Pickles are not human readable

Pickles are Python specific
### ----


### When trying to unpickle a dataset the version of Python used may come into play: pickles are not compatible between Python 2 and 3!


### Things to remember:
 
import pickle <br>
pickle.dump() <br>
pickle.load() <br>


In [None]:
#Pickles

import pickle


In [None]:

#Let's get a dictionary from our previous demo :

car1 = {
  "model" : "Escape",
  "make" : "Ford"
}
car2 = {
  "model" : "500",
  "make" : "Fiat"
}
car3 = {
  "model" : "Tucson",
  "make" : "Hyundai"
}


all_my_cars = {
  "car1" : car1,
  "car2" : car2,
  "car3" : car3
}


In [None]:
#and now let's open a file to save the data in:

f = open('my_first_pickle.pickle','wb')       # open file in binary mode 

pickle.dump(all_my_cars,f)                    # let's dump our pickled dictionary in there:

f.close()                                     # close the file

### congrats! you saved your first pickle!

In [None]:
#Let's now see what we saved actually:

pickle_read  = open('my_first_pickle.pickle','rb')  # open and read pickle
example_dict = pickle.load(pickle_read)             # load the pickle in example_dict

In [None]:
# test:

print( example_dict.items()  )
print( example_dict.keys()   )
print( example_dict.values() )


example_dict['car1']['model']

#it worked!

### Saving the dictionary in a pickle preserved its dictionary nature.

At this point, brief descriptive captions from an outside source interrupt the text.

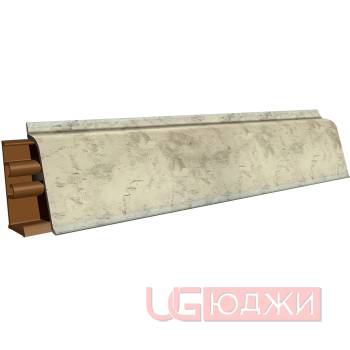 Плинтус для столешниц LB-38 RUS 3,0м 53 Мрамор лацио белый (056ам, 2342ам, 2350м/210)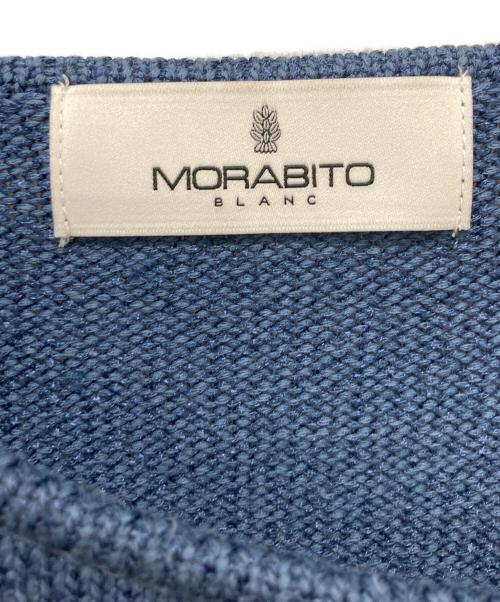 MORABITO（モラビト）MORABITO (モラビト) ジップアップニット ネイビー サイズ:38の古着・服飾アイテム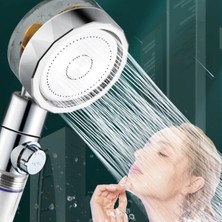 ® Turbo Pervaneli Filtreli Su Tasarruflu 360 Derece Dönebilen Ayarlanabilir Tazyikli Duş Başlığı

### Sometimes you can have a pickle that you know a priori what data it has in it (how many columns, what each column is...)

In [None]:
# let's make some data up
f_in = np.arange(10)
q_in = f_in**2
u_in = f_in**3

# open a file and store your second pickled data:

f = open('my_second_pickle.pickle','wb')

pickle.dump([f_in, q_in, u_in],f)

f.close()

In [None]:
# now that I know that my data are f_in, q_in, u_in lets unpickle it in one go:

f, q, u = pickle.load( open( 'my_second_pickle.pickle','rb' ) )


In [None]:
# test:
print( f == f_in )
print( q == q_in )

# ------------------

## CSV

### CSV: Comma Separated data (Values) --> used to save tabular data such as a spreadsheet or a database


### Things to remember:

import csv  <br>
csv.reader() <br>
csv.writer()<br>


In [None]:
#Let's now do some csv reading/writing:

import csv 

In [None]:
## as a test case we will use the dictionary from before:

with open('my_first_csv.csv', 'w') as f:     # open the file to write in it

    writer = csv.writer(f)                   # you will use the csv module to write the data
    
    for key, value in example_dict.items():  # loop over items in your dictionary 
        
        writer.writerow([key, value])        # write the items

In [None]:
#open the file from your Jupyter notebook tree: it is human readable (unlike the pickle...)

#let's read it back in:

with open('my_first_csv.csv') as f:
    reader = csv.reader(f)
    my_csved_dict = dict(reader)

    
print(my_csved_dict.items())

print(type(my_csved_dict))



In [None]:
#note though that in this example we have lost the structure of the nested dictionary:
#my_csved_dict['car1']['make'] will give you an error:

print( my_csved_dict['car1']['make'] )

### Example 4: Store the data from *data_2d* in a csv file.

# ------------------

## Pandas

### A great tool for data analysis and modeling of large datasets (think ML sizes….). It’s a software library that can read big amounts of data and analyze it fast


### Can read in CSV files, SQL databases and create a Python object with rows and columns (data frame) out of that – makes working on such data faster that using tuples/dictionaries





In [None]:
## Last but not least, let's try Pandas out
import pandas as pd 

In [None]:
# we will use the pickled data from above here:

pd.read_pickle('my_first_pickle.pickle')  # reads it in and shows you the nested dictionaries


In [None]:
pd.read_csv('my_first_csv.csv')           # reads it in and shows you the table

In [None]:
#Now let's make a panda dataframe out of the pickle:

pd.DataFrame(pd.read_pickle('my_first_pickle.pickle'))


In [None]:
# let's read in a dataframe the second pickle with the random data

pd.DataFrame( pd.read_pickle('my_second_pickle.pickle') )  #it gives you the columns and their values: 

In [None]:
# read the data in a dataframe named df:
df = pd.DataFrame(pd.read_pickle('my_second_pickle.pickle')) 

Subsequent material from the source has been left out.